Gesù lo dice: la sua disponibilità a dare la propria vita per quella delle pecore. Per dare una risposta san Bonaventura fece ricorso ad una immagine; scelse, anzi, un vero gioco di parole: il pastor è pastus, ossia che il «pastore» è buono quando diventa egli stesso «pasto», ossia nutrimento spirituale per le sue pecore. Questa – scrive sempre san Bonaventura – è una figura che «deve imprimersi nei cuori dei pastori della Chiesa come la forma del sigillo che si imprime nella cera, perché a loro volta possano inciderlo, con la parola e con l’esempio, nel cuore dei fedeli» (Serm. Dominic. 23, 3: ed. Città Nuova, Roma 1992, 287). Questa è una verità che noi possiamo avere sempre a mente quando ci accostiamo all’altare per nutrirci di Gesù eucaristia: pastor et pastus.
È una prospettiva utile a noi anche per riflettere sulla figura del nuovo beato, il sacerdote Luigi Lenzini. Come pastore egli istruì il popolo cristiano curando il catechismo dei bambini e l’insegnamento della religione nella scuola elementare, predicando ad ogni Messa con una parola semplice e convincente. Come pastore il beato Luigi Lenzini nutrì i fedeli con la celebrazione della Santa Messa e portando il viatico agli infermi; egli, a sua volta, si nutriva con l’adorazione prolungata dell’Eucaristia. Come pastore il nostro Beato fu sollecito verso i poveri, mostrandosi sempre pronto nelle opere di carità, nell’aiuto a chi era nel bisogno e nel conforto per chi era nell’afflizione.

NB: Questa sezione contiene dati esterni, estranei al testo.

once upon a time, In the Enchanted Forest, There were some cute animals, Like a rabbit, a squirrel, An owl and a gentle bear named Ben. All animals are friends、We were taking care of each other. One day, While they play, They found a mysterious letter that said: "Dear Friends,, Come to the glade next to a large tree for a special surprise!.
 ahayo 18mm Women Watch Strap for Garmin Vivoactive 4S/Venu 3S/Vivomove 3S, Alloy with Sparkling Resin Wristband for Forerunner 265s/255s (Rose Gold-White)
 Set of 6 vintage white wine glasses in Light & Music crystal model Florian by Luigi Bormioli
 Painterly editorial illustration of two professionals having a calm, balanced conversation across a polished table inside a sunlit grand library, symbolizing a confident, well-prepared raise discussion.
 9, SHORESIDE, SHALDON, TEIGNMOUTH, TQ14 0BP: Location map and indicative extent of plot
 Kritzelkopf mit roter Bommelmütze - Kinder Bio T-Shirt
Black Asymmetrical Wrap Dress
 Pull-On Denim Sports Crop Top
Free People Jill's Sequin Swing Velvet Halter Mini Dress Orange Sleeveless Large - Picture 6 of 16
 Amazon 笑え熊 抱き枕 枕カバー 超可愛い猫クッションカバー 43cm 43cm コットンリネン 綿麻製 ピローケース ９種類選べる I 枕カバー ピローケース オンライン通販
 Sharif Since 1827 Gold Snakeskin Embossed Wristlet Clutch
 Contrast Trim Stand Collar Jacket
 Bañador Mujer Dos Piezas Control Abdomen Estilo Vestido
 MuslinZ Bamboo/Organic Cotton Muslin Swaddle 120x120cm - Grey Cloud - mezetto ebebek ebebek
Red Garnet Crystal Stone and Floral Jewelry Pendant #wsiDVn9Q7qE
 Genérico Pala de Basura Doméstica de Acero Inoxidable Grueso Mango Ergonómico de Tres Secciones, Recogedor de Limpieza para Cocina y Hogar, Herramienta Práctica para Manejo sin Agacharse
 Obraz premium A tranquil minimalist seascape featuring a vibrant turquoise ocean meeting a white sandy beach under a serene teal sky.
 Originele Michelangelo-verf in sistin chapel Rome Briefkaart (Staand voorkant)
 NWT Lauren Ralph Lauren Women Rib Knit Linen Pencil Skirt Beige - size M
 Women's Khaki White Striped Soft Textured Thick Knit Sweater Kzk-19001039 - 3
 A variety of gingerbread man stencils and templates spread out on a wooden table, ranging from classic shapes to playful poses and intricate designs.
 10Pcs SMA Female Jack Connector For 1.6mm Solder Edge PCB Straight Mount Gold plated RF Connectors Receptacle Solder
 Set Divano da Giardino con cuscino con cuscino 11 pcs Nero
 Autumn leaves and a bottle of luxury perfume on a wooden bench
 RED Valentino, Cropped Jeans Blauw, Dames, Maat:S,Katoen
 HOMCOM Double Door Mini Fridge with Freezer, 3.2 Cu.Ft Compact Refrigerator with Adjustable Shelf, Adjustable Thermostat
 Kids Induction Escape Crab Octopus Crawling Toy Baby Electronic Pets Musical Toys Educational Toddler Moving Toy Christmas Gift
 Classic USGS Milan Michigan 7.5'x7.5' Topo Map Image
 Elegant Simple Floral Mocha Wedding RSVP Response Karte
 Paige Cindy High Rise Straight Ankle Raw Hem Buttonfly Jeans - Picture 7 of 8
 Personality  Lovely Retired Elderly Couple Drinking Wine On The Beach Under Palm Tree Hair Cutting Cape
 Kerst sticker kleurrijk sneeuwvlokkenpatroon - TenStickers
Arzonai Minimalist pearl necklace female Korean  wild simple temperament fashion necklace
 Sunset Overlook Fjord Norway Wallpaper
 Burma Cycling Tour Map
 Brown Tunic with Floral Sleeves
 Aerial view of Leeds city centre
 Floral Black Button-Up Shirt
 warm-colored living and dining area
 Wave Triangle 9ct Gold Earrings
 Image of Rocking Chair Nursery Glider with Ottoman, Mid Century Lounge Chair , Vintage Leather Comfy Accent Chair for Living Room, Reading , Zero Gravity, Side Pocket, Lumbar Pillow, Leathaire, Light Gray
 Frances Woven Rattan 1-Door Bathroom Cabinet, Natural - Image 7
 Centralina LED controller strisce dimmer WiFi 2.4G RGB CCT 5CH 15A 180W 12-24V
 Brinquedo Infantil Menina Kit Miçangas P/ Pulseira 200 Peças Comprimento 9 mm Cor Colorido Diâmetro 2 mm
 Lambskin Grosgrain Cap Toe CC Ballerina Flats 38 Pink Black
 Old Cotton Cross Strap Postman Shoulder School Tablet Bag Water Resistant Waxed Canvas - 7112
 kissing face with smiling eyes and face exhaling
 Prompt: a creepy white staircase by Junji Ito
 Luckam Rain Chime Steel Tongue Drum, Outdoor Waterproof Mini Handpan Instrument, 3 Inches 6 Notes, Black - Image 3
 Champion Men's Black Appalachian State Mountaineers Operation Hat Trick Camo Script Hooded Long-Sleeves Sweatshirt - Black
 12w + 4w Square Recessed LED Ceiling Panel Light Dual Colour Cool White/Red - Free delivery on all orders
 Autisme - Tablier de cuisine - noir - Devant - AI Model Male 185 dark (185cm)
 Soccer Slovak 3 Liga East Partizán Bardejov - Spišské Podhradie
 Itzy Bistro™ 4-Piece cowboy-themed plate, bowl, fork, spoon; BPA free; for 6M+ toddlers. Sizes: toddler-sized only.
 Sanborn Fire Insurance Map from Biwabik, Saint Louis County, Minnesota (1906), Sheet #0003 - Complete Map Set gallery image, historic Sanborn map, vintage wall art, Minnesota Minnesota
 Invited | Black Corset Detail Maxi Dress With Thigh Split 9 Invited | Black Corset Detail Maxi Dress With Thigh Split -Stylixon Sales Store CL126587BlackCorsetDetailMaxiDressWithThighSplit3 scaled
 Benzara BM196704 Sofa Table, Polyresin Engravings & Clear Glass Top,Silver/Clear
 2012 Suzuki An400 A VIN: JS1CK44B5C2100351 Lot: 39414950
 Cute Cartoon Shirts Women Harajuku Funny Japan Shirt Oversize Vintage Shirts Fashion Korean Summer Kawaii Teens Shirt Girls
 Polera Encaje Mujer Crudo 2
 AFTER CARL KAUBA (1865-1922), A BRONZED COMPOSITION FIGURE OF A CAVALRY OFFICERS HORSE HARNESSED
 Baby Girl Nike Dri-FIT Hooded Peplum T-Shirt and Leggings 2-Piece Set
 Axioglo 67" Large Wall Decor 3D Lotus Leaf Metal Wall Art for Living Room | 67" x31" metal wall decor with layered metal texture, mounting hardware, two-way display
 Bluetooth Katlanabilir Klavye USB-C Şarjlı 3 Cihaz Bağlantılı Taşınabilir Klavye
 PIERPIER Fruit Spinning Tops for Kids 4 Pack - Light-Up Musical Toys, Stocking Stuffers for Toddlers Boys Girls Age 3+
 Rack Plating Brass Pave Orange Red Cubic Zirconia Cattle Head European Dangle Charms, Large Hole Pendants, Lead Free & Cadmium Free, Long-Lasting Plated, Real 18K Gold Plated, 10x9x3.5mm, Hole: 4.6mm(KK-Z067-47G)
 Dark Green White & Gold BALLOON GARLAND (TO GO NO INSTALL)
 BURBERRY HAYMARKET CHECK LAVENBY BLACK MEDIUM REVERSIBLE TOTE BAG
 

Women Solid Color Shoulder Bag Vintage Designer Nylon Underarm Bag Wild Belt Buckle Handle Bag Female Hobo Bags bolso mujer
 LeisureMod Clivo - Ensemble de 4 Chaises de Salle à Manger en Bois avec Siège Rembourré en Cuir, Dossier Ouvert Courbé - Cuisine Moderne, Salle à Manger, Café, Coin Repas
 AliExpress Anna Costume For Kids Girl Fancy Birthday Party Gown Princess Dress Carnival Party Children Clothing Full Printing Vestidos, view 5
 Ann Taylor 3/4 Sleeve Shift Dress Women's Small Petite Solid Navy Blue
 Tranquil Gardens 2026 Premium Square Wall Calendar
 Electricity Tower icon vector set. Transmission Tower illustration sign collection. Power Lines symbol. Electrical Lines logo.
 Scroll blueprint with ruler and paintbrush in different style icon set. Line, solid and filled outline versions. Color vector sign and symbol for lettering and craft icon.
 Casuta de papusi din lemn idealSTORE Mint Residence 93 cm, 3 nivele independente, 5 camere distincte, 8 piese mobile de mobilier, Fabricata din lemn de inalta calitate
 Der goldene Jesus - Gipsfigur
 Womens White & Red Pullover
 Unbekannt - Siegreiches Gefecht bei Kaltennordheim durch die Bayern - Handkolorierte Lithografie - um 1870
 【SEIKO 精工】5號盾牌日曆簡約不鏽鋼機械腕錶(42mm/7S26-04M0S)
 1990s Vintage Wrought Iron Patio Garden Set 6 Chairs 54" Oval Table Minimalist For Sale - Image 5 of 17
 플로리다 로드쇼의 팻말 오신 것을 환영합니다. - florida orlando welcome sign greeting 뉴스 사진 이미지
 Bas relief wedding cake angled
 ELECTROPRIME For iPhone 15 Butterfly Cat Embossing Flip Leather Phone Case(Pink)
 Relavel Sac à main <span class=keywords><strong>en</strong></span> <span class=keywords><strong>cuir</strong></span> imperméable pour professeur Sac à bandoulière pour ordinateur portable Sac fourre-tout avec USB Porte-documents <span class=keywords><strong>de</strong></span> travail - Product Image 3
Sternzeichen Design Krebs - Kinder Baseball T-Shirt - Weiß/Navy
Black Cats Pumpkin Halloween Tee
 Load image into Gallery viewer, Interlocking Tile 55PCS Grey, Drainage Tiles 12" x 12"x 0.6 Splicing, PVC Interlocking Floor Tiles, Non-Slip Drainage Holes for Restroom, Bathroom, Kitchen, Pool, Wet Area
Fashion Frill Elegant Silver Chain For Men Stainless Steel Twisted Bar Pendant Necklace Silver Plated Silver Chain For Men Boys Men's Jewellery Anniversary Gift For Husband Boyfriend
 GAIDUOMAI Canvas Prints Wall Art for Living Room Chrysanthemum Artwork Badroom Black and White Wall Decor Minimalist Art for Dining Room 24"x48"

«Il mercenario vede venire il lupo, abbandona le pecore e fugge…». Riflettendo su quest’altra frase del vangelo, San Gregorio magno ci offre un valido criterio di discernimento per valutare l’autenticità e il valore di un pastore: «In tempi tranquilli tengono in genere la custodia del gregge sia il pastore autentico sia il mercenario. Sono i tempi difficili che ci svelano l’animo di chi esercita il compito del pastore» (Homil. in Evang. I, XIV, 2: PL 76, 1128).
Se lo consideriamo prescindendo da questo criterio, don Luigi Lenzini sarebbe solo un buon prete; anche discutibile per alcuni aspetti del suo carattere e tuttavia «molto severo e tanto buono», come disse di lui un testimone. Furono, però, i «tempi difficili», di cui parlava san Gregorio magno, a svelare che don Luigi Lenzini era pastore autentico e non mercenario; furono i «tempi difficili» a svelare che quella normalità era eccezionalità.
Il valore eccezionale della «ordinarietà» nella vita cristiana l’hanno sottolineata tutti gli ultimi Papi: da san Giovanni Paolo II, il quale nell’esortazione Novo millennio ineunte (2001) scrisse che era giunta l’ora di riproporre a tutti con convinzione la «misura alta» della vita cristiana ordinaria (cf. n. 31), a Benedetto XVI che disse: «La santità non consiste nel compiere imprese straordinarie, ma nell’unirsi a Cristo, nel vivere i suoi misteri, nel fare nostri i suoi atteggiamenti, i suoi pensieri, i suoi comportamenti» (Catechesi 13 aprile 2011); a Francesco, che ancora nell’Omelia per le canonizzazioni di domenica 15 maggio scorso ha raccomandato di non separare la santità dalla vita di tutti i giorni, ma piuttosto di cercarla e abbracciarla nella quotidianità.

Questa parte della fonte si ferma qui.